Ici, il faut introduire une petite parenthèse : contrairement à la France qui compte 12 millions d’habitants recensés en 1085, l’Angleterre ne compte que 1,3 million d’âmes (Anglais, Bretons, Danois et Normands confondus). Pour Guillaume, envahir l’Angleterre dans un premier temps, est donc une tâche moins ardue que s’immiscer dans les territoires du royaume de France. Ce qui lui donnera un point d’ancrage – ainsi qu’à ses descendants – pour revenir en force à partir de l’ile, une fois celle-ci conquise.
En 1066, Guillaume revendique la succession du roi d’Angleterre, Edouard le Confesseur (1027-1066), d’origine normande comme lui, s’étant opportunément découvert une filiation par sa mère pour justifier ce droit à la couronne. Edouard avait eu un règne conciliant avec les locaux, mais malheureusement pour ceux-ci, n’avait pas de successeur.
Guillaume tient à occuper la place restée vacante, mais n’est pas le seul prétendant. Il a face à lui Harold Godwinson (1022-1066), un aristocrate anglo-saxon, un autre arrière-petit-fils de ces vikings suédois qui avaient envahi le territoire quelques siècles plus tôt. Fort de son lignage, Harold revendique également la couronne de par son antériorité territoriale.
Sans entrer dans tous les détails de l’histoire, Guillaume envahit l’Angleterre et tue Harold six mois après la prise de pouvoir de celui-ci. Il devient alors Guillaume le Conquérant et Guillaume 1er d’Angleterre et, de ce fait, premier roi-duc anglo-normand. Pour la petite histoire, les médias de l’époque relatent fort avantageusement la conquête anglaise et les batailles « victorieuses » menées par le vertueux Guillaume contre Harold. Les médias, c’est-à-dire la fameuse tapisserie de Bayeux qui n’est qu’un tissu de mensonges. En réalité, c’est une commande à effet de propagande de Guillaume en personne.
Selon la légende, Guillaume serait sorti vainqueur par sa force et son courage. Ce qui est omis sciemment, c’est qu’Harold s’est trouvé démuni de sa cavalerie qu’il avait dû abandonner au nord de l’Angleterre face à une invasion impromptue de Vikings dirigés par Harald Hardrada de Norvège. Cet autre Viking voulait également profiter de la vacance du trône d’Angleterre pour s’y asseoir par un coup de force. Eh oui, mêmes ancêtres, mêmes méthodes ! C’est donc une armée d’Harold Godwinson affaiblie par une marche forcée de 400 km qui affronte les Normands de Guillaume à Hasting en 1066. Par extraordinaire, Harold sort vainqueur de la bataille. Cependant, mettant son armée à découvert, il fait une erreur stratégique en lançant ses soldats à la poursuite des fuyards normands. C’est à ce moment que Guillaume lance sa cavalerie dans une attaque de flanc. Harold meurt au cours de cette bataille.

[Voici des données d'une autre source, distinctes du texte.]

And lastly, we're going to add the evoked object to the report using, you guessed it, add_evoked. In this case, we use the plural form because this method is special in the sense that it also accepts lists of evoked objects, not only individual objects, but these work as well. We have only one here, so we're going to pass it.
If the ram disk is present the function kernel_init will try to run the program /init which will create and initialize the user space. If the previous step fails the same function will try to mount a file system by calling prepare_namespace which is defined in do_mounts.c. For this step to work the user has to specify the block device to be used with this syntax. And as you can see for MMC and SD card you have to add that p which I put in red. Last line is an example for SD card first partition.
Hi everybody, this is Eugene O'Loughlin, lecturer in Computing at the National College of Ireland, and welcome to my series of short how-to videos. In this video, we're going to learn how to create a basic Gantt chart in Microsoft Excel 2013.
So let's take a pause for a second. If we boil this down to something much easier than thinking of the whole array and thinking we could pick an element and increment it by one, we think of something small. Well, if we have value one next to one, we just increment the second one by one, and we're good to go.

La victoire normande est donc moins glorieuse que la légende. Qu’importe ! Guillaume prend le trône et devient Guillaume ou William 1er d’Angleterre. Contrairement à Edouard le Confesseur qui avait été bien accepté par les habitants locaux, Guillaume qui désire un pouvoir sans limite n’hésite pas à les déposséder pour les soumettre aux lois normandes. Il provoque ainsi une migration massive des Anglo-saxons. Certaines villes perdront jusqu’à 50 % de leurs habitants. A partir de ce moment, c’est en grande partie le royaume d’Angleterre qui financera le maintien du pouvoir des ducs normands sur le continent.
Une consécration qu’envia le bâtard Eudes, le frère évêque de Guillaume. C’est sans doute par imitation qu’il engagea une armée et voulut marcher sur Rome pour accaparer le titre de Pape, à coups de massue (car un évêque ne peut pas utiliser le fer). Son frère eut quelques soucis à le retenir.

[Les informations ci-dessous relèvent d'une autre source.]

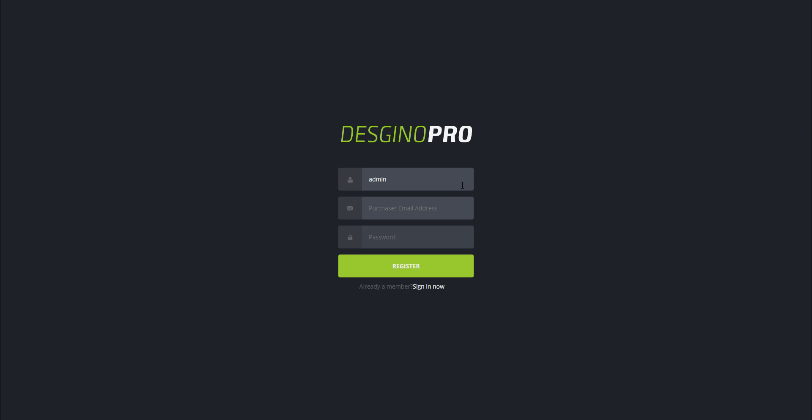Enter the email address. The purchaser email address is very important - this is the email address you used to buy the product, what you used to buy Designer Pro. So go ahead and enter that email.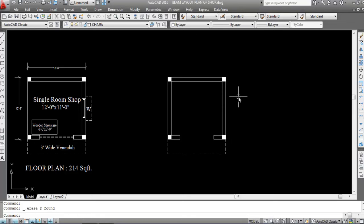Before I start, I want to say some basic things. A beam which is attached to the roof slab is known as a roof beam. Beams that connect columns for transferring loads of a structure directly to the columns are known as primary beams. Beams that connect primary beams for transferring loads to the primary beams are known as secondary beams. A secondary beam does not rest on a column.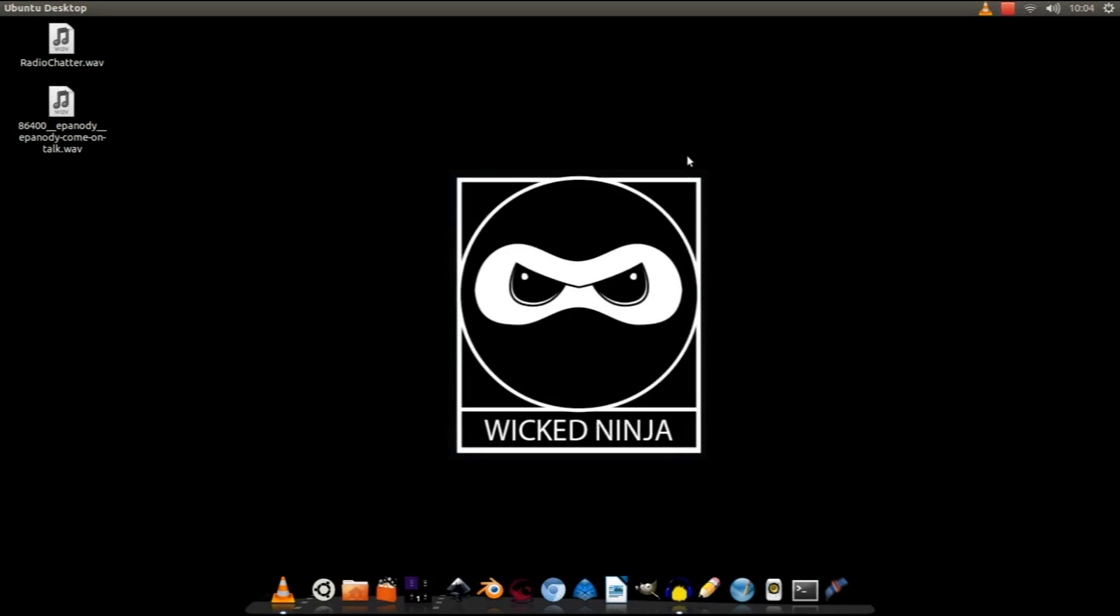Hello guys, welcome to another Wicked Ninja tutorial. I just want to say thank you to Gentleman for giving me the idea for this video. Today I'm going to be showing you how to create a kind of radio chatter effect. I'm going to give you an example of what I've done before.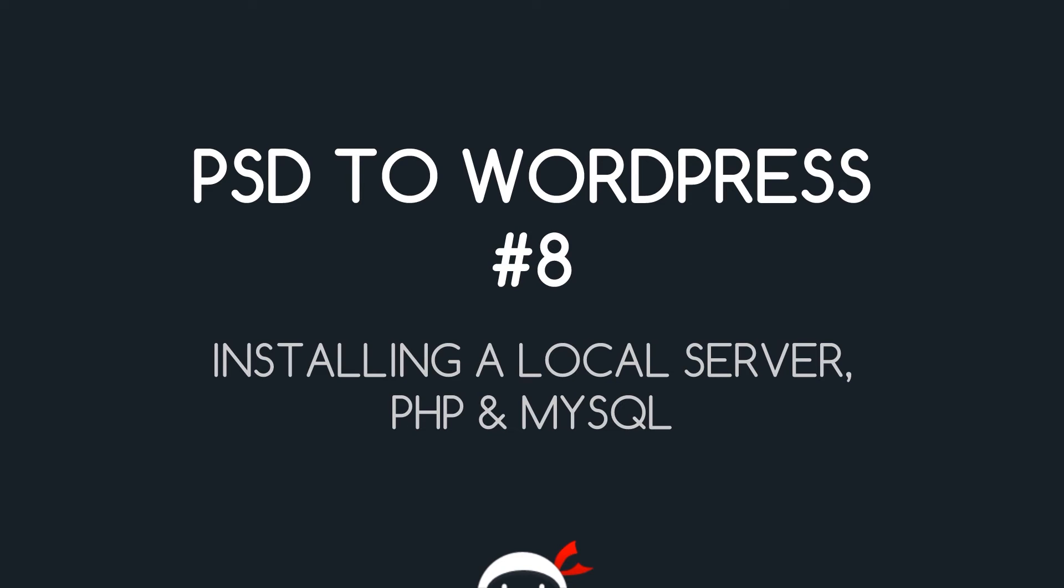What's going on guys, you're watching PSD to WordPress lesson 8. In this video we're going to install a server, PHP and MySQL on our computer.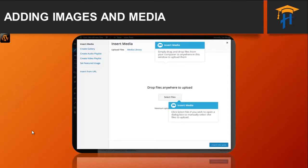Now let's see adding images and other media. Adding images and other media files such as video, documents, or PDFs is extremely easy within WordPress. All your images and files are stored in a media library. Once they are uploaded into the media library, it is a very simple matter to insert them into your pages or post content.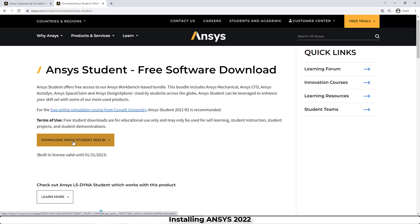It says Download ANSYS Student 2022. You should know that you need at least 8 gigabytes of empty space to download this version of ANSYS.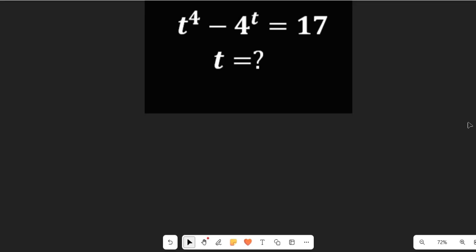Hello! If you look at this expression, you'll find that something is common. We have t to the power of 4 minus 4 to the power of t minus 17. We're asked to find the value of t. Join me as we solve this math expression.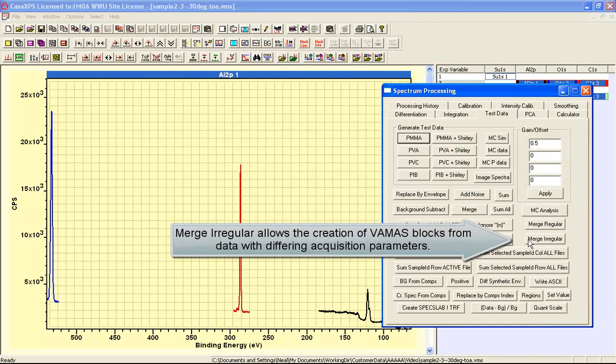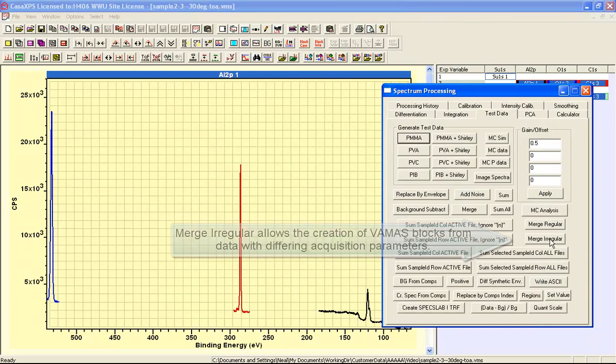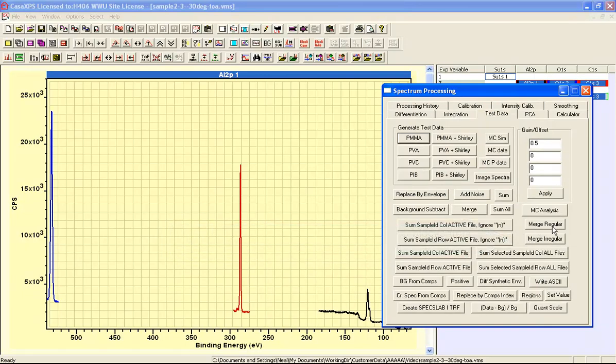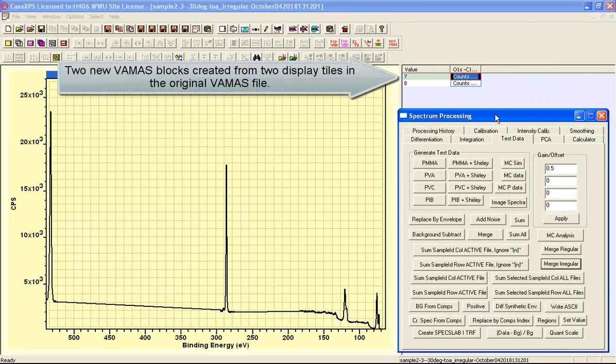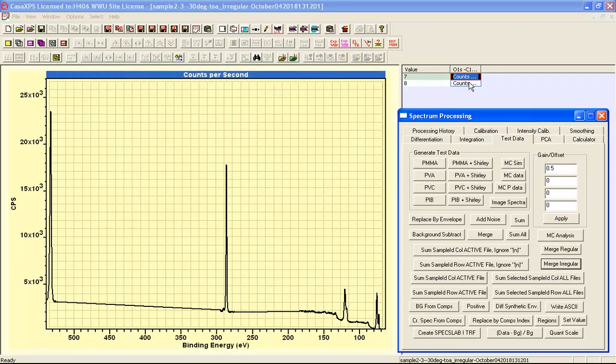That is to say we want to use this button here that says Merge Irregular rather than the Merge Regular. The Merge Regular requires a uniform step size for all spectra. But if we use Merge Irregular, then a pair of VAMAS blocks are created from each display tile in the previous file with spectra overlaid in the tiles.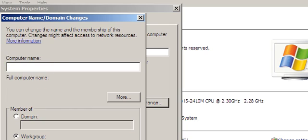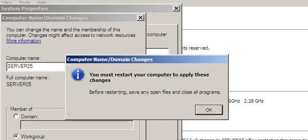My server name is going to be Server 05. Before I join the server to the domain, the server has to join the workgroup.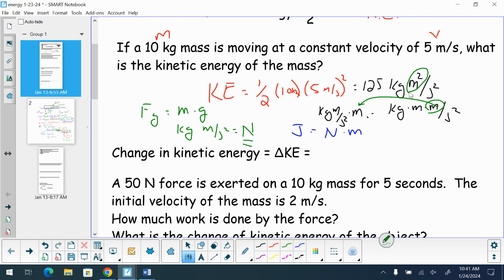We have the same kilogram meter per second squared here, which gives us a Newton times a meter — a Newton meter. If we have a Newton meter, this is also what we talked about in the previous section: the idea of work, because we have a force with respect to a distance.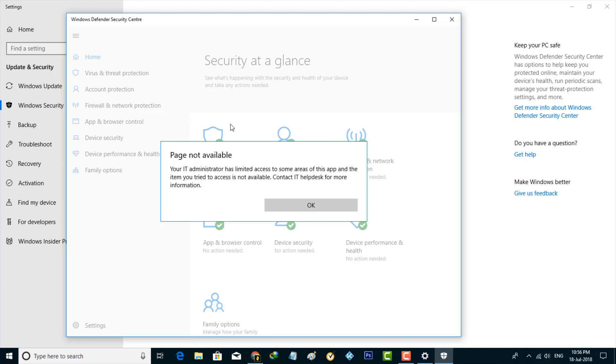This is the way you can easily disable the Windows Defender services in your Windows 10 desktop. For more videos, you can subscribe to my channel and thanks for watching.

Tout est permis dans la tradition familiale et le fils de Guillaume, Henri Beauclerc, n’est pas en reste. Il assassine ses deux frères ainés (Guillaume le Roux et Robert de Courteheuse) pour prendre le pouvoir et devient Henri 1er d’Angleterre. Sans surprise il agit comme ses prédécesseurs et, pour éviter une concurrence active en Angleterre, il embarque ses vassaux vers de nouvelles conquêtes sur les terres du royaume de France.

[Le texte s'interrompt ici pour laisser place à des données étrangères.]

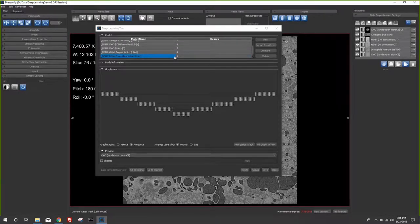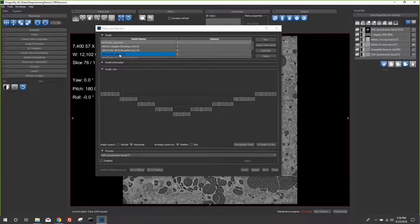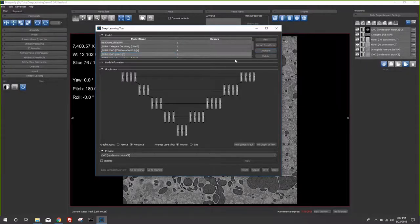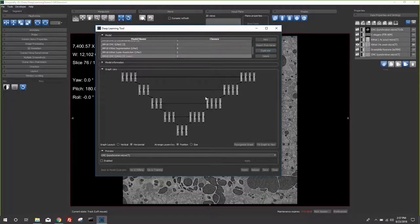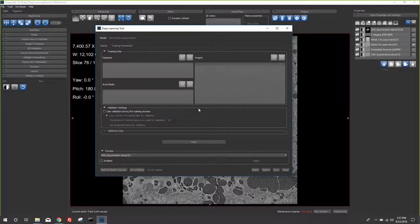To build a neural network model, you often start with an existing one and make a duplicate. For example, I take a model trained on ceramic matrix composites with a UNet architecture, select it to see the topology, and ask for a duplicate. Dragonfly duplicates the entire model in memory and I can name it — for example, 'new KitKat segmentation model.' Then I can go to the Editing or Training panel. The training panel is where you set up and tell the deep learning model how to learn from user examples.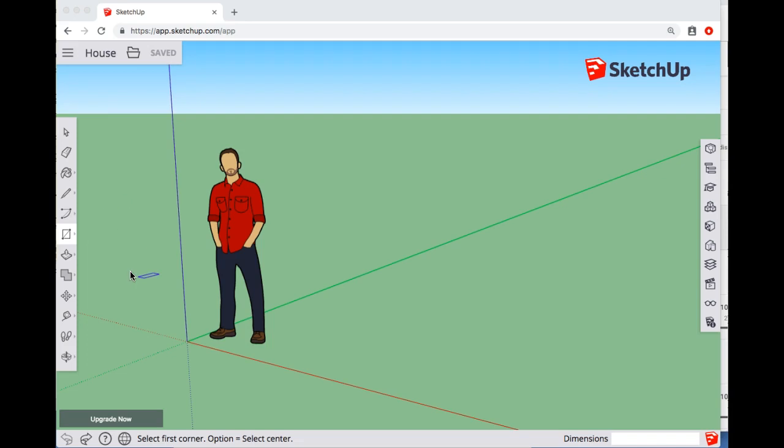Alright, in today's video I'm going to show you how to make a rectangle of a specific size and push-pull it to a specific height.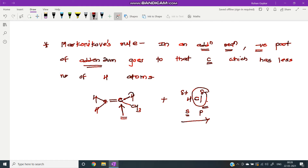Here, one hydrogen is directly attached to this double-bonded carbon, and here two hydrogen atoms are attached to the other double-bonded carbon. We only consider the hydrogen atoms directly attached to the double-bonded carbons. Therefore, the negative part goes to the carbon with only one hydrogen.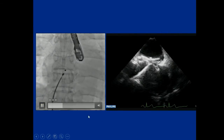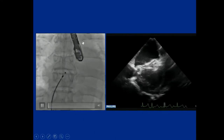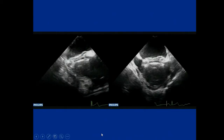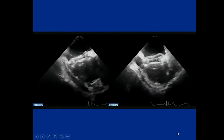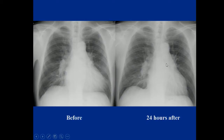This shows releasing the device; the procedure was completed. Compared to surgery, the transcatheter procedure provides hemodynamic improvement quite rapidly. Just 24 hours after the procedure, the chest X-ray of the same patient looks totally different — cardiomegaly was completely resolved.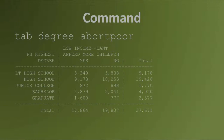If you use the tab command without options, Stata will report the table with frequencies. Frequencies mean the number of respondents who answered that combination of educational attainment and abortion attitude questions. As we can see, it's hard to draw strong inferences from raw frequency counts, so we often use the optional commands.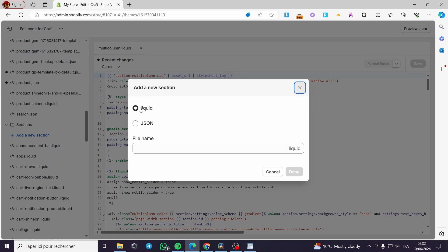Click on Add a New Section. Set it as a liquid file and give it a file name — I am going to name it before-after-slider. Then click Done.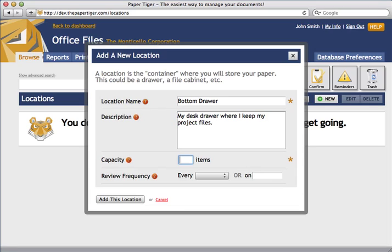The capacity field describes how many items this location will hold. For example, I'm going to put in 30 hanging file folders in my bottom desk drawer. So I'm going to go ahead and enter 30 items here because that means that's how much room I've got to put stuff in this location. Let's not worry about review frequency for now. Let's just go ahead and click Add this location.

Les valeurs familiales ne se perdent pas. Aujourd’hui encore les livres sterlings battues sur les dernières îles anglo-normandes de Jersey et Guernesey portent sur une face le portrait d’Elisabeth II lors de son couronnement et sur l’autre… l’effigie de Guillaume le Conquérant.
« Tout l’esprit de Plantagenêt »
Le dernier fils d’Henri Beauclerc décède, avant son père, en 1120 et la succession à la couronne est compromise. Sa mort laisse sa sœur Mathilde seule héritière de leur père. Elle a face à elle, Etienne de Blois (1096-1154) qui prétend au trône par… sa mère Adèle, fille de Guillaume le Conquérant.
Veuve en 1125 de l’empereur Henri V de Germanie, Mathilde se remarie en 1128 avec le comte d’Anjou Geoffroy Plantagenêt (1113-1151), descendant de Foulque Nerra. En 1127, certains autres barons du roi Henri 1er reconnaissent par serment le droit à la couronne de Mathilde. De l’union de Geoffroy et Mathilde naît en 1133 le futur Henri II Plantagenêt.
Coup de théâtre en 1135 à la mort d’Henri Beauclerc : Etienne obtient la couronne avec l’appui de l’opposition baronniale qui se méfie de Mathilde à cause de son ancien mariage avec l’empereur de Germanie. Geoffroy qui en principe n’a aucun droit sur l’Angleterre entend néanmoins faire valoir ceux de sa femme et de son fils. Le demi-frère de Mathilde, Robert de Gloucester, l’un des bâtards de Henri 1er Beauclerc, soutient son parti. Mathilde débarque donc en Angleterre en 1139 et assure la couronne pour son fils après des années de guerre civile. Ceci fait, elle quitte définitivement l’Angleterre et retourne habiter sur le continent en 1148.
Pendant le temps où sa femme guerroyait sur le sol anglais, Geoffroy Plantagenêt a grandement « élargi » son pouvoir en Normandie (entre 1141 et 1144) et, peu avant sa mort, a remis ses possessions et son duché à leur fils Henri (1150). De guerre lasse et sans héritier, Etienne de Blois a fini par transmettre à ce dernier la couronne d’Angleterre et Henri devient roi en 1154.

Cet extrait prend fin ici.